Task objective: Copy each line of the data beneath in which the word "Premium" appears.
═════ The data
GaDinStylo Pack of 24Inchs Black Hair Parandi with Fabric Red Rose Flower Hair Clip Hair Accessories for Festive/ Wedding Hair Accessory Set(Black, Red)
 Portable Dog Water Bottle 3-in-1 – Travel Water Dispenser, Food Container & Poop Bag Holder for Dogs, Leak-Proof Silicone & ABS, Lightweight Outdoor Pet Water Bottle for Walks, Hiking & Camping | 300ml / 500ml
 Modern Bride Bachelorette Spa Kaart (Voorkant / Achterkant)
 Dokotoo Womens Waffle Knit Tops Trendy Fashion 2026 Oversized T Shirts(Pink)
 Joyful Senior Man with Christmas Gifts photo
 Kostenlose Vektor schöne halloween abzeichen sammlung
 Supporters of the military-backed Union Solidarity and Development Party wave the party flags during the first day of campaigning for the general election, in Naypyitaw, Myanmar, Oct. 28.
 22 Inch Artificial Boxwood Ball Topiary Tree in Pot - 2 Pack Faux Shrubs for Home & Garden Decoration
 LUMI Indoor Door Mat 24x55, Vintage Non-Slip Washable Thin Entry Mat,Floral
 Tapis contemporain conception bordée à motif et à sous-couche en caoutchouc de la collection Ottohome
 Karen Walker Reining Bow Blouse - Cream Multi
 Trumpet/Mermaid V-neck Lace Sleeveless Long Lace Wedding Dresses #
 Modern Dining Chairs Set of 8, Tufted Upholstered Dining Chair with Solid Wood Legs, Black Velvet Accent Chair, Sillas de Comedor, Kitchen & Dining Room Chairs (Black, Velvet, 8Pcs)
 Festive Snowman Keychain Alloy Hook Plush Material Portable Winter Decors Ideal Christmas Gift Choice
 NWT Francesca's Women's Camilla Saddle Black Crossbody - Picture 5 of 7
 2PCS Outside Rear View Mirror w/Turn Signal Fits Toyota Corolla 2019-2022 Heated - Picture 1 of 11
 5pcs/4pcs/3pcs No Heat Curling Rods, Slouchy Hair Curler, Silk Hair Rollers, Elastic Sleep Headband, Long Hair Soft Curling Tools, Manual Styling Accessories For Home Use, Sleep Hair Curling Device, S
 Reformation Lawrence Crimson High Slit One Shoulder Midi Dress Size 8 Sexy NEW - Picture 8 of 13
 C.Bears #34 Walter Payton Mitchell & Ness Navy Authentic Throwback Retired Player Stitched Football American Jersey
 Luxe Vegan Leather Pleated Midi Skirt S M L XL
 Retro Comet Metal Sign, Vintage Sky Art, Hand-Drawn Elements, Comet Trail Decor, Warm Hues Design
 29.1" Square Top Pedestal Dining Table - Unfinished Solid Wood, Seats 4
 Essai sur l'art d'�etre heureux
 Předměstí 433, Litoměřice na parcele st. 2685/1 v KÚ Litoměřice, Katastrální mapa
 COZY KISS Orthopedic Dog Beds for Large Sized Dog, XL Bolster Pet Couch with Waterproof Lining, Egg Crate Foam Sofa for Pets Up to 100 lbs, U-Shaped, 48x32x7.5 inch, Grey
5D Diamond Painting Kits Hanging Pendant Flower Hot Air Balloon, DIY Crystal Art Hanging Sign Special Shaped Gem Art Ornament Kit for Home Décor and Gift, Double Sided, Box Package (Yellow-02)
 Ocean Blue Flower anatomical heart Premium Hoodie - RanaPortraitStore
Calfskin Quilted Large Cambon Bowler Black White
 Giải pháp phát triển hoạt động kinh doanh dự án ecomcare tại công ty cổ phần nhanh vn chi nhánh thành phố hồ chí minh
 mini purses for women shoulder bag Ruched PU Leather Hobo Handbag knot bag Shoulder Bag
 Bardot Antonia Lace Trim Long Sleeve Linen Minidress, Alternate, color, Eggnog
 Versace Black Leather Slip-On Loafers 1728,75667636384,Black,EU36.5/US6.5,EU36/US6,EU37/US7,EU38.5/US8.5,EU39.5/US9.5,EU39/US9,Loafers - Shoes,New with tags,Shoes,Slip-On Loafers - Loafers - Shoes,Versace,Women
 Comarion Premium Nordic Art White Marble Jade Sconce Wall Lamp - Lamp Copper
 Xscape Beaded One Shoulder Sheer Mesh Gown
══════════
Result:
 Ocean Blue Flower anatomical heart Premium Hoodie - RanaPortraitStore
 Comarion Premium Nordic Art White Marble Jade Sconce Wall Lamp - Lamp Copper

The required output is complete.